- **Required action**
Beginning with the line where "Embroidered Kurta In Onion Pink" occurs, set down each line of the records through the final one, exactly and without additions.

- **Provided material**
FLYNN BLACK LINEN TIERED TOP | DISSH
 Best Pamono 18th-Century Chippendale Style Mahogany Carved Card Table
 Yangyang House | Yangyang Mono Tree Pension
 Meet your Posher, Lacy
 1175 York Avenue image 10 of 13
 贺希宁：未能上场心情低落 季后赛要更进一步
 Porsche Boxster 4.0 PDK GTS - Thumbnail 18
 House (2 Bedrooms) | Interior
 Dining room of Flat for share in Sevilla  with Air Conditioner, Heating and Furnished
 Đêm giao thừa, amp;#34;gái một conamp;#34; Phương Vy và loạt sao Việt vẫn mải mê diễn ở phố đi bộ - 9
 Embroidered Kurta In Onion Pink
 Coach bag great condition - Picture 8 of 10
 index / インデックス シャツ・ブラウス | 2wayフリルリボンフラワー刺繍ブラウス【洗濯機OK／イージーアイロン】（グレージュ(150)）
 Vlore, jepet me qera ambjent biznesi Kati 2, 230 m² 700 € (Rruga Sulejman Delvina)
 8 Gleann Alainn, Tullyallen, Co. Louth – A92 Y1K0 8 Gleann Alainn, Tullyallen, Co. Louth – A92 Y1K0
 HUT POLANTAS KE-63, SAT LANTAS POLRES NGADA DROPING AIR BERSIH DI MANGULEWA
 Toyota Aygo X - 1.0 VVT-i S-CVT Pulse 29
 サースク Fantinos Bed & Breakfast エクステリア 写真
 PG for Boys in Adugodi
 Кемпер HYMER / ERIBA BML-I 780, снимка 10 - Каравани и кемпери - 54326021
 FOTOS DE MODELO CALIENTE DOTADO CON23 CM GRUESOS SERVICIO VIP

- **Output for this task**
 Embroidered Kurta In Onion Pink
 Coach bag great condition - Picture 8 of 10
 index / インデックス シャツ・ブラウス | 2wayフリルリボンフラワー刺繍ブラウス【洗濯機OK／イージーアイロン】（グレージュ(150)）
 Vlore, jepet me qera ambjent biznesi Kati 2, 230 m² 700 € (Rruga Sulejman Delvina)
 8 Gleann Alainn, Tullyallen, Co. Louth – A92 Y1K0 8 Gleann Alainn, Tullyallen, Co. Louth – A92 Y1K0
 HUT POLANTAS KE-63, SAT LANTAS POLRES NGADA DROPING AIR BERSIH DI MANGULEWA
 Toyota Aygo X - 1.0 VVT-i S-CVT Pulse 29
 サースク Fantinos Bed & Breakfast エクステリア 写真
 PG for Boys in Adugodi
 Кемпер HYMER / ERIBA BML-I 780, снимка 10 - Каравани и кемпери - 54326021
 FOTOS DE MODELO CALIENTE DOTADO CON23 CM GRUESOS SERVICIO VIP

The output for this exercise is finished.